Ordumuzun bu çekilişinden faydalanan düşman, işgal
ettiği bölgelerde bulunan halkı türlü işkencelerle öldürüyor, şehir ve
köylerimizi yakıyordu. Bu geri çekiliş İngiliz ve Yunanlılara fırsat ve cesaret
de vermişti. İngiliz Başvekili Loid Corc: Yunanistan, kazandığı zafer
dolayısıyla artık Sevr Antlaşmasıyla yetinemez, daha geniş ölçüde tatmin
edilmelidir diyordu.
Sakarya Savaşı
Türk ordusunun Sakarya gerisine çekilerek büyük bir
memleket parçasını düşman istilâsına bırakması halk ve Mecliste fena etki
yarattı. Halbuki Başkomutanlığın gayesi orduyu yok olmaktan kurtarmak ve geri
çekilerek bir cephe kurmaktı. Ordunun ve halkın manevî kudreti büyük bir
sarsıntı geçirmekte idi. Bu vaziyeti önlemek ve halkı aydınlatmak icap
ediyordu. Çekiliş bilhassa Mecliste sert ve çetin münakaşalara yol açtı. Bu münakaşalar
sonucunda ortaya atılan fikir su idi: Ordu nereye gidiyor, millet nereye
götürülüyor? Su harekâtın elbette bir mesulü vardır. O nerededir? Onu
göremiyoruz?
Milletvekilleri, Mustafa Kemal'in ordunun başına
gelmesini istiyorlardı. Ordu ve halk O'na güveniyor, bu durumu ancak ordunun
başına geçmek suretiyle düzelteceğine inanıyorlardı. Mustafa Kemal, Meclis
tarafından teklif edilen Başkomutanlığı kabul etti. Fakat Meclisin bütün
yetkilerinin üç ay için kendisine verilmesini istedi. Mustafa Kemal'in bu
teklifi Meclisteki muhalifler tarafından, Millî egemenlik bir kişiye verilemez
denilerek reddedilmek istendi. Uzun tartışma ve görüşmeler sonucunda Meclisin
bütün yetkisi i,iç aylık bir süre için Mustafa Kemal'e bir akıldı. Mustafa
Kemal 5 Ağustos 1921 tarihinde kabul edilen bir kanunla Başkomutanlığı üzerine
aldı. Başkomutanın vereceği emirler kanun olacaktı.
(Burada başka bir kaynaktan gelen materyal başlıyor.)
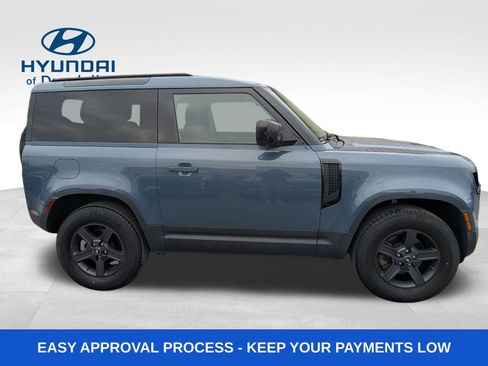 Used 2022 Land Rover Defender 90 image 9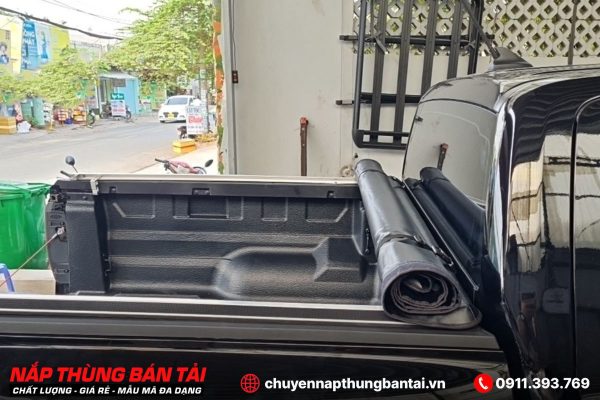Nắp thùng cuộn mềm Option Roll Mitsubishi Triton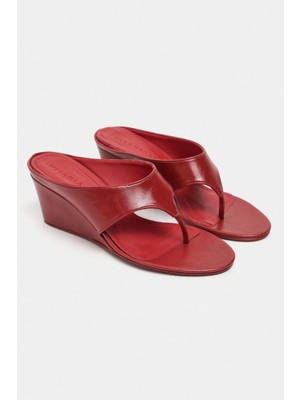 Nişantaşı Shoes Corey Kırmızı Rustik Parmak Arası Dolgu Topuklu Kadın Terlik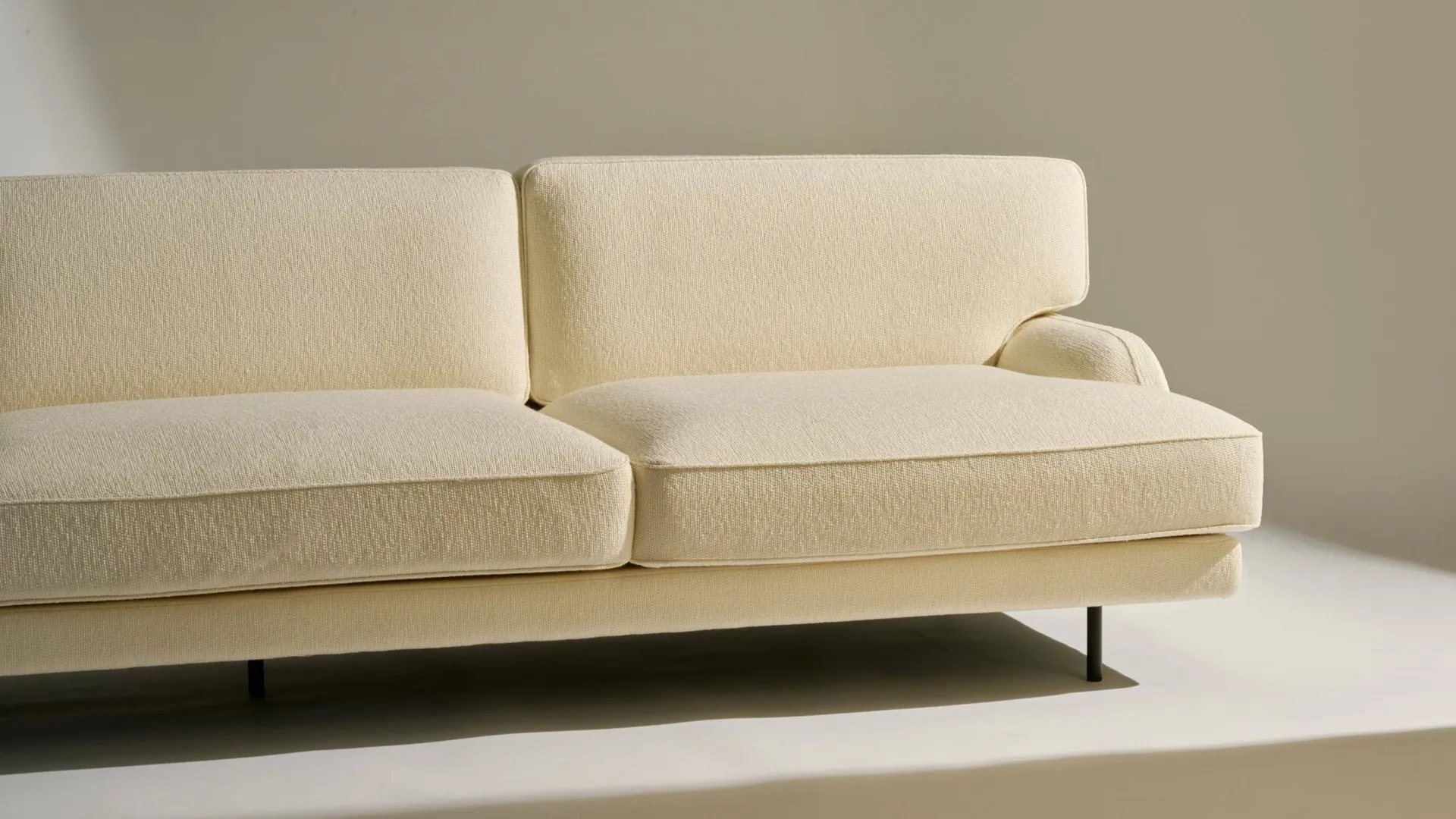 Flaneur 3-seters sofa, Bouclé-matt svart, 3-seter GUBI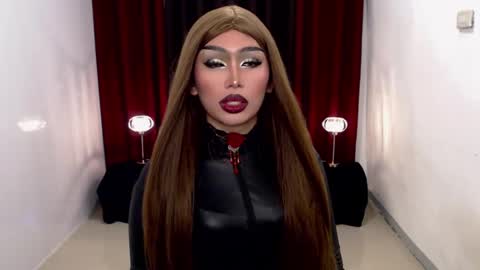 Gia X online show from 12.17.24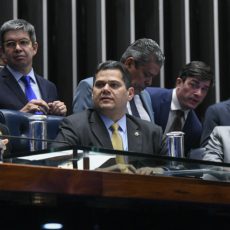 Alcolumbre quer retomar aumento de mandato de senadores na PEC do fim da reeleição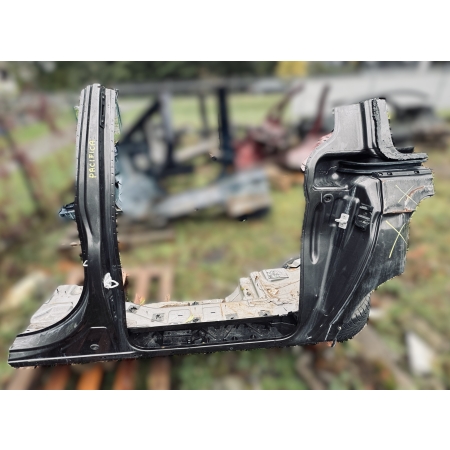 CHRYSLER PACIFICA II 2016 -  PRÓG SŁUPEK LEWY TYŁ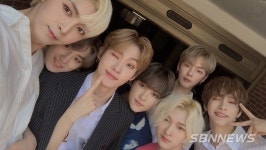 온리원오브  데뷔 하루 만에 해시태그 5555개 돌파, 앞서 온리원오브는 전날 오후 6시...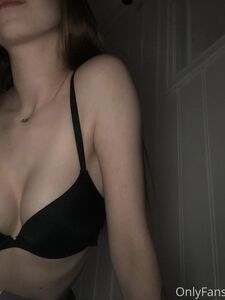 crrwie exclusive onlyfans leaked nudes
Yeni bir meydan savaşı için memleketin bütün savaş
gücü harekete geçirildi ve şu işler yapıldı
a)Birçok sınıflar silâh altına çağırıldı.
b)Güney ve Doğu Cephesindeki kuvvetler, Sakarya'da
toplandı.
c) Memleket içinde düzenin sağlanması ve korunması
için, İstiklâl Mahkemelerinin sayısı artırıldı.
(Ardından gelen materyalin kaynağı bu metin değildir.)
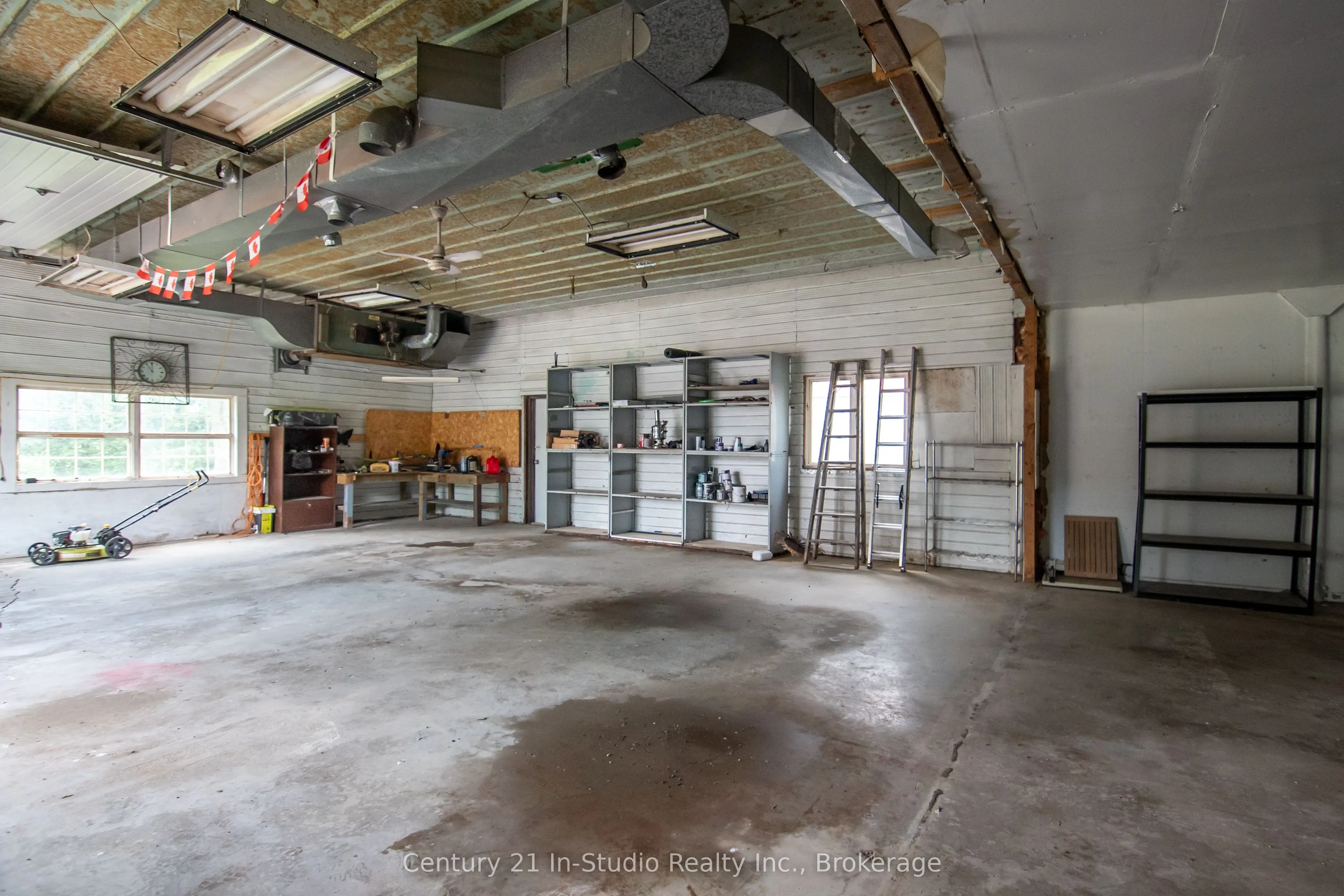 457898 Grey Road 11 Road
Yunanlılara gelince: Eskişehir ve Kütahya
Savaşlarını büyük bir zafer sayan Yunanlılar, ordumuzu tamamen yok edecek büyük
bir saldırıya hazırlanıyordu. O sırada tahta geçen Kral Konstantin'in amacı,
artık yalnız Sevr Antlaşmasını kabul ettirmek değil, eski Bizans
İmparatorluğunu diriltmekti. Bunun için de eli silâh tutan bütün Yunanlılar
askere alındılar. Memleketin bütün gelir kaynakları ordunun emrine verildi.
Diğer tarafta da İngiliz Hükümeti, bol para ve malzeme vermek suretiyle Yunan
ordusunu takviye ediyordu. KraI Konstantin, Yunan orduları başkomutanlığını
üzerine aldı.
Yunanlılar yine araç - gereç ve asker bakımından
bizden üstün durumda bulunuyorlardı. Yunanlıların elinde bulunan topraklarımız
memleketimizin bayındır ve zengin yerleriydi. Yolları vardı ve ordularını
besleyebiliyordu. Yunanlıların arkaları denizlere ve kuvvetli müttefiklere açıktı.
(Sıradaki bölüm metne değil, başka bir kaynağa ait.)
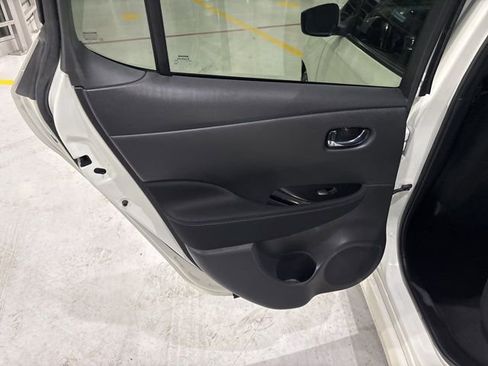 Used 2018 Nissan Leaf SV w/ SV Technology Package FWD image 28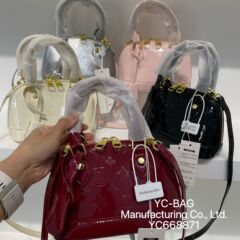 レトロなファッションの貝殻のハンドバッグ2025の新型のアルファベットの肩の斜めのショルダーバッグの小さい大衆の洋風は国境を越えた対外貿易が流行します。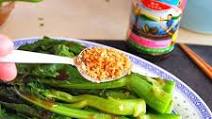 Chinese Broccoli With Oyster Sauce and Fried Garlic Recipe Chinese Broccoli With Oyster Sauce and Fried Garlic Recipe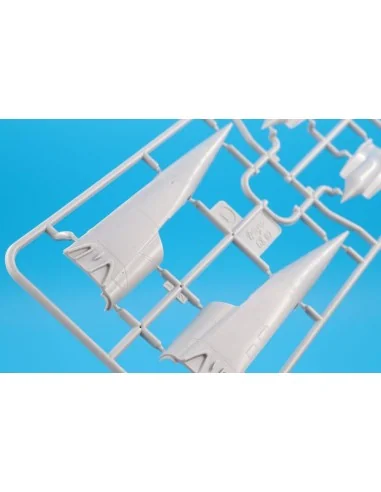 [NO_DESC] Mirage G8.02 variable-geometry exp.fighter, 1/72 - ModelS...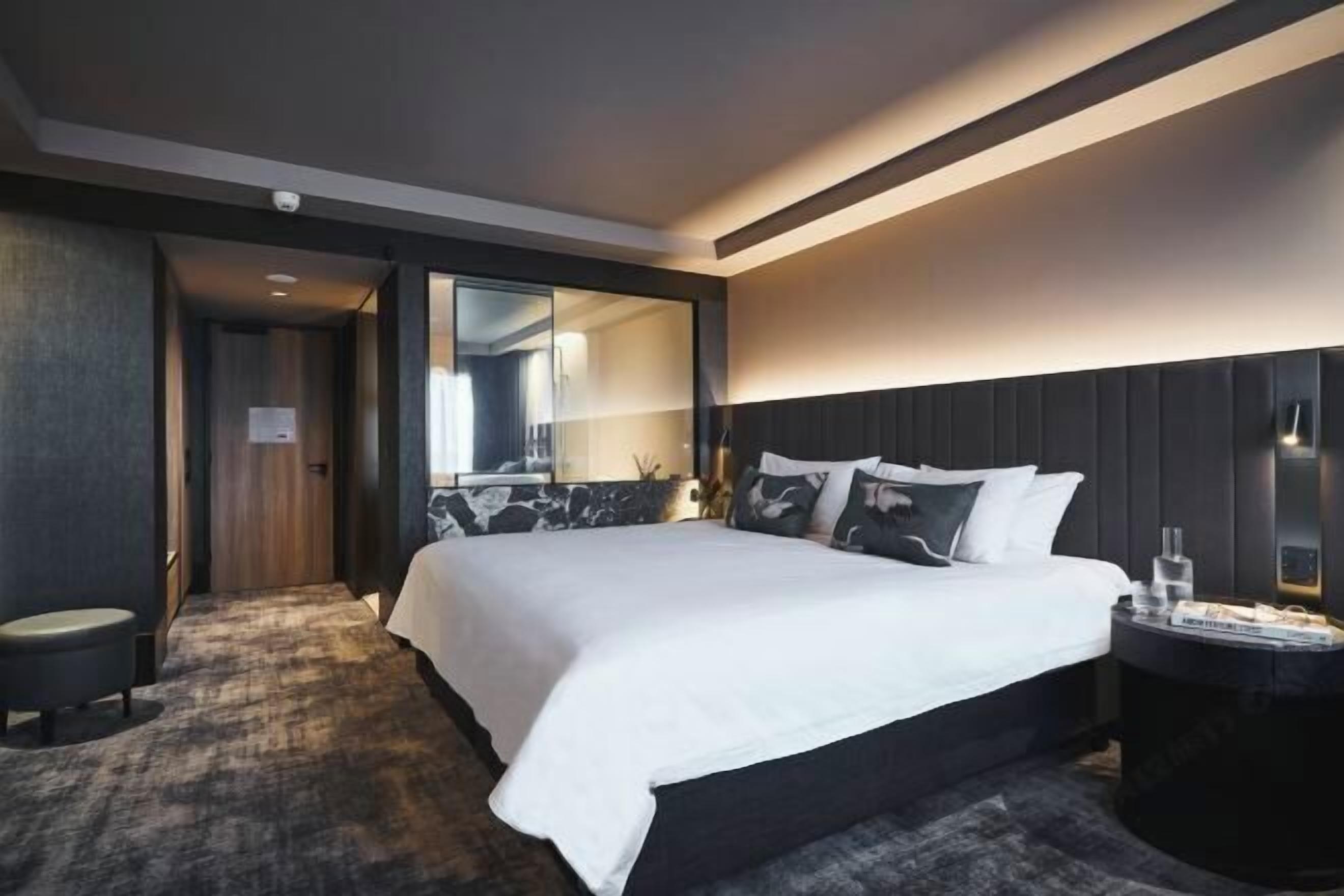 Premium bedding, pillow-top beds, minibar, in-room safe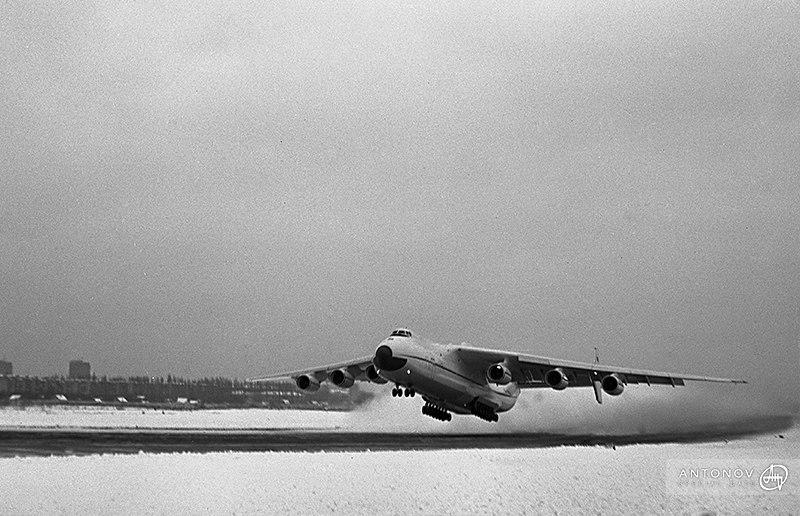 Годовщина первого полета Ан-225: опубликованы впечатляющие архивные фото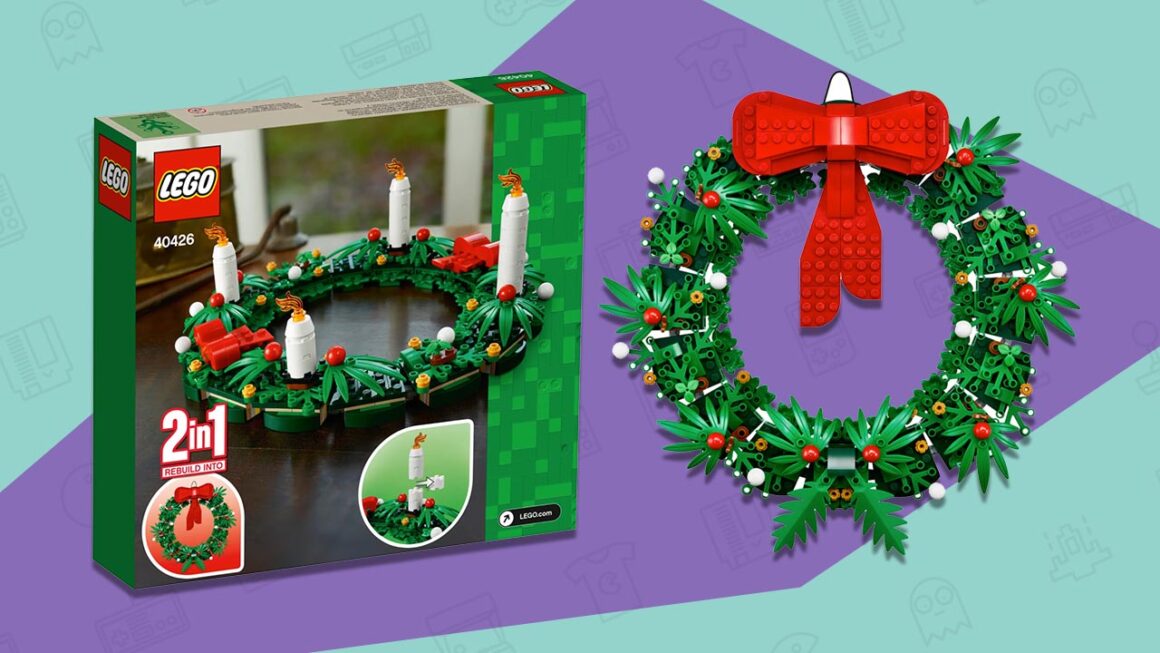 LEGO Christmas Wreath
Bizim elimizde bulunan bölgede düzenli yollar yoktu.
Memleket fakirdi. Orduyu beslemekte zorluk çekiyorduk. Yabancı hiç bir
devletten yardım görmüyorduk. Bütün bunlara karşın Türklerin Yunanlılardan
üstün bir tarafı vardı. Ya üzerinde yaşadığı bu yurdu savunacak, yahut
ölecekti, Uğrunda ölünecek toprak, elimizde kalan son yurt parçası idi. Bu son
yurt parçasını korumak için göğsünü siper eden orduyu hiç bir kuvvet
yenemeyecektir.
Sakarya Meydan Savaşı (23 Ağustos- 13 Eylül 1921)
Türk ordusu dört gruba ayrılmıştı. Ayrıca Albay Fahrettin komutasında süvari
grubu vardı.
Mustafa Kemal, Ankara'da işlerini bitirdikten sonra
Fevzi Paşa ile birlikte Polatlı'daki cephe karargâhına geldi. Bu sırada attan
düşerek birkaç kaburga kemiğini kırdı. Ankara'da gerekli tedavi yapıldıktan
sonra hemen cepheye döndü. Savaşı sonuna kadar sargılar içinde
"Maliköy" de oturduğu yerden yönetti.
Yunan orduları başkomutanı Kral Konstantin,
Kütahya'da topladığı Askerî Şûrada Türk ordusunu yok etmek ve Ankara'yı almak
kararını vermişti. Yunan kuvvetleri 13 Ağustos 1921'de Eskişehir - Seyitgazi
hattından doğuya doğru yürüyüşe geçtiler. 18 Ağustos'a kadar ordumuz ciddî bir
savaşa girmeden Sakarya'ya doğru çekildi. Bu sırada düşman, sol kanadımızı
sarmak maksadıyla Ankara'nın elli kilometre güneyine kadar yaklaşmıştı. Bu
sebeple, 23 Ağustos - 13 Eylül arasında ordunun cephesi batıya iken güneye
dönerek cephe değiştirdi. Bu vaziyet karşısında Ankara'da heyecan başlamış,
düşman daha fazla ilerlediği takdirde şehrin boşaltılması için bütün tedbirler
alınmıştı. Ankara'nın boşaltılması Mecliste görüşülürken, Erzurum Milletvekili
Durak Bey söz alarak:Arkadaşlar, nereye gidiyoruz? Düşman bizi burada kendisini
yenmek için tedbirler düşünürken bulmamalıdır dedi.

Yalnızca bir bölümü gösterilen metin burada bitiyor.